## EXERCISE INSTRUCTIONS
Among the records below, find the line that has "Photo of property in 5"; from there, give the lines again exactly, and stop after the line that has "Peppered Cottons Flag Blue".

## SOURCE INFORMATION
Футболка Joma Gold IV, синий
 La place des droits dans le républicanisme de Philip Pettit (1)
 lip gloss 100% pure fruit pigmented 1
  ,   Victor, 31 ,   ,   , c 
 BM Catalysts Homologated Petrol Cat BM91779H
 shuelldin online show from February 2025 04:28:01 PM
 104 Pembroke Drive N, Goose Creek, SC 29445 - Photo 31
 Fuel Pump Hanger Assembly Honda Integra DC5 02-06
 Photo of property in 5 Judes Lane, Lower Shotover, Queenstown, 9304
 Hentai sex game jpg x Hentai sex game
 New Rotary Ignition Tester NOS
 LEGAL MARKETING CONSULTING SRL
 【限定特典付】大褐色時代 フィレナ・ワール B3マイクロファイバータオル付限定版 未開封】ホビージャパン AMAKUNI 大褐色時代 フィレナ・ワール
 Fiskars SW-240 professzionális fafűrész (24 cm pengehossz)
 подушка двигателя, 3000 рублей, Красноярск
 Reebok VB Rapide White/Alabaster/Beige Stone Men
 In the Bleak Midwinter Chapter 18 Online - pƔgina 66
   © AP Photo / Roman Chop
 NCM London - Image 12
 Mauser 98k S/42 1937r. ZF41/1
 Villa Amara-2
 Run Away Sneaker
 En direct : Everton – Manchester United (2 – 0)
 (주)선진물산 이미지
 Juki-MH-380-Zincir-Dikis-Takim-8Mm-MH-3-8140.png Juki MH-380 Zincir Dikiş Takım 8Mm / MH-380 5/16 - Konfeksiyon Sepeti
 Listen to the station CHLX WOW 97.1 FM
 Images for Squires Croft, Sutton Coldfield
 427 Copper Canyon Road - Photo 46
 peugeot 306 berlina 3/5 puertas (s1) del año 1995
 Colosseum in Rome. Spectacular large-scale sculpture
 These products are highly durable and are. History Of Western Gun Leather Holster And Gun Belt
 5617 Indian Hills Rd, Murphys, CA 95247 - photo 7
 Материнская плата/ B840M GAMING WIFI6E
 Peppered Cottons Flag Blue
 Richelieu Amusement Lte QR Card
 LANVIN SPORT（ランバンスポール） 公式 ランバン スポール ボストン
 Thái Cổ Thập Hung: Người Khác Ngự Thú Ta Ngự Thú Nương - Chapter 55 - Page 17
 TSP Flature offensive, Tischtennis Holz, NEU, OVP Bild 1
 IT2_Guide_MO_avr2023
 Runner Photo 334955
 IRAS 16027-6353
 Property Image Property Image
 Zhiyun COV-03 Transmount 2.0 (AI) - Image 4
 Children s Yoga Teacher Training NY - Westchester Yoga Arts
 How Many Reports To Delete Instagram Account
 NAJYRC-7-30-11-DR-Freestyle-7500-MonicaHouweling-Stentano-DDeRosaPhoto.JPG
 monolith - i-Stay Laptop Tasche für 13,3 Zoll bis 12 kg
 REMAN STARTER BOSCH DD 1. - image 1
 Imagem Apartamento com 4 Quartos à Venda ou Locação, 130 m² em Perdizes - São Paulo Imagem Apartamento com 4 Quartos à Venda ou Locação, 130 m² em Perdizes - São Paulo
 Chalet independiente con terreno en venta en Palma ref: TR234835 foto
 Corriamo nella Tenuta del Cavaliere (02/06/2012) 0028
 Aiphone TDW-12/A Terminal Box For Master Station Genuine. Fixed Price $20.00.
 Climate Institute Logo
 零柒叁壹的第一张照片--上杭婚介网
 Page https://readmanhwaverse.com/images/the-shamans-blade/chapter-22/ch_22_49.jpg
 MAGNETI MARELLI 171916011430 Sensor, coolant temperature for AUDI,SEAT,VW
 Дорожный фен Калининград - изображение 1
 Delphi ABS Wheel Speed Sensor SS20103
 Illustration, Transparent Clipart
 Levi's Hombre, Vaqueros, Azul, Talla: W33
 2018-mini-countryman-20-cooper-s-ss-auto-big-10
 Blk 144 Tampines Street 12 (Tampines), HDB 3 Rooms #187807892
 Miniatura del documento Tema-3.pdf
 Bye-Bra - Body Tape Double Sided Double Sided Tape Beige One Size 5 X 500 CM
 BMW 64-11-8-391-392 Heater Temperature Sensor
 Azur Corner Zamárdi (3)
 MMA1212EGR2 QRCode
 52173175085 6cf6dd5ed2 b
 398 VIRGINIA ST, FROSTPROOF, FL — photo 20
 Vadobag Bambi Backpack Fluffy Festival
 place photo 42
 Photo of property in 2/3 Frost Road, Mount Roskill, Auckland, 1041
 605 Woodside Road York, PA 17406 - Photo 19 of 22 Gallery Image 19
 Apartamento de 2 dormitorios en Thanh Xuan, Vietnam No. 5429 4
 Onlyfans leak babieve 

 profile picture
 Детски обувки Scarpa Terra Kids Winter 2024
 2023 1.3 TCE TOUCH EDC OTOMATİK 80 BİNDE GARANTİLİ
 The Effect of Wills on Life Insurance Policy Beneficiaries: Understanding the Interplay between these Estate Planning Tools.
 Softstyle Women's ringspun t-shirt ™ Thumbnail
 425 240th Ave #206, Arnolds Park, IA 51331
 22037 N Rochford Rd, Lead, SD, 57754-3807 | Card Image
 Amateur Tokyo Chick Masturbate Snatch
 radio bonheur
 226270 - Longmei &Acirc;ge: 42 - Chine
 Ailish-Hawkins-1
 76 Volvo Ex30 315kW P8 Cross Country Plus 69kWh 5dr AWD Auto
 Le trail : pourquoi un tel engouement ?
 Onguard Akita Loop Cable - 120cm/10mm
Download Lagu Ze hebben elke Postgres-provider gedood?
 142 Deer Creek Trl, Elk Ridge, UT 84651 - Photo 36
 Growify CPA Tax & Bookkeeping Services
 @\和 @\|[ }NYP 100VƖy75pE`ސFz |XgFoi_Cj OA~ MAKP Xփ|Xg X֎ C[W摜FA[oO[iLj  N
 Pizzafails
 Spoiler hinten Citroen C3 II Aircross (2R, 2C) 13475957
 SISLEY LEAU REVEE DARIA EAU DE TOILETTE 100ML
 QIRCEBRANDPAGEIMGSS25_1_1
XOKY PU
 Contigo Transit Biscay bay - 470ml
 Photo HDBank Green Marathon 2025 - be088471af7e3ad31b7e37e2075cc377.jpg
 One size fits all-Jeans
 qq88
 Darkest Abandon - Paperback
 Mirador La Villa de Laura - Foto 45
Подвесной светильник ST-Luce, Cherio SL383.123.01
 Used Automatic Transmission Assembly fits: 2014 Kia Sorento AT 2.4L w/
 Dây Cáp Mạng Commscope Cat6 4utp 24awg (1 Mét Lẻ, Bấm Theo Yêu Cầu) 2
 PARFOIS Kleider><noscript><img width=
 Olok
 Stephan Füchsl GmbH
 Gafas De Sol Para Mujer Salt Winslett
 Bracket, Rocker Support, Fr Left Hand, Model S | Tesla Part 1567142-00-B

## WRITTEN RESPONSE
 Photo of property in 5 Judes Lane, Lower Shotover, Queenstown, 9304
 Hentai sex game jpg x Hentai sex game
 New Rotary Ignition Tester NOS
 LEGAL MARKETING CONSULTING SRL
 【限定特典付】大褐色時代 フィレナ・ワール B3マイクロファイバータオル付限定版 未開封】ホビージャパン AMAKUNI 大褐色時代 フィレナ・ワール
 Fiskars SW-240 professzionális fafűrész (24 cm pengehossz)
 подушка двигателя, 3000 рублей, Красноярск
 Reebok VB Rapide White/Alabaster/Beige Stone Men
 In the Bleak Midwinter Chapter 18 Online - pƔgina 66
   © AP Photo / Roman Chop
 NCM London - Image 12
 Mauser 98k S/42 1937r. ZF41/1
 Villa Amara-2
 Run Away Sneaker
 En direct : Everton – Manchester United (2 – 0)
 (주)선진물산 이미지
 Juki-MH-380-Zincir-Dikis-Takim-8Mm-MH-3-8140.png Juki MH-380 Zincir Dikiş Takım 8Mm / MH-380 5/16 - Konfeksiyon Sepeti
 Listen to the station CHLX WOW 97.1 FM
 Images for Squires Croft, Sutton Coldfield
 427 Copper Canyon Road - Photo 46
 peugeot 306 berlina 3/5 puertas (s1) del año 1995
 Colosseum in Rome. Spectacular large-scale sculpture
 These products are highly durable and are. History Of Western Gun Leather Holster And Gun Belt
 5617 Indian Hills Rd, Murphys, CA 95247 - photo 7
 Материнская плата/ B840M GAMING WIFI6E
 Peppered Cottons Flag Blue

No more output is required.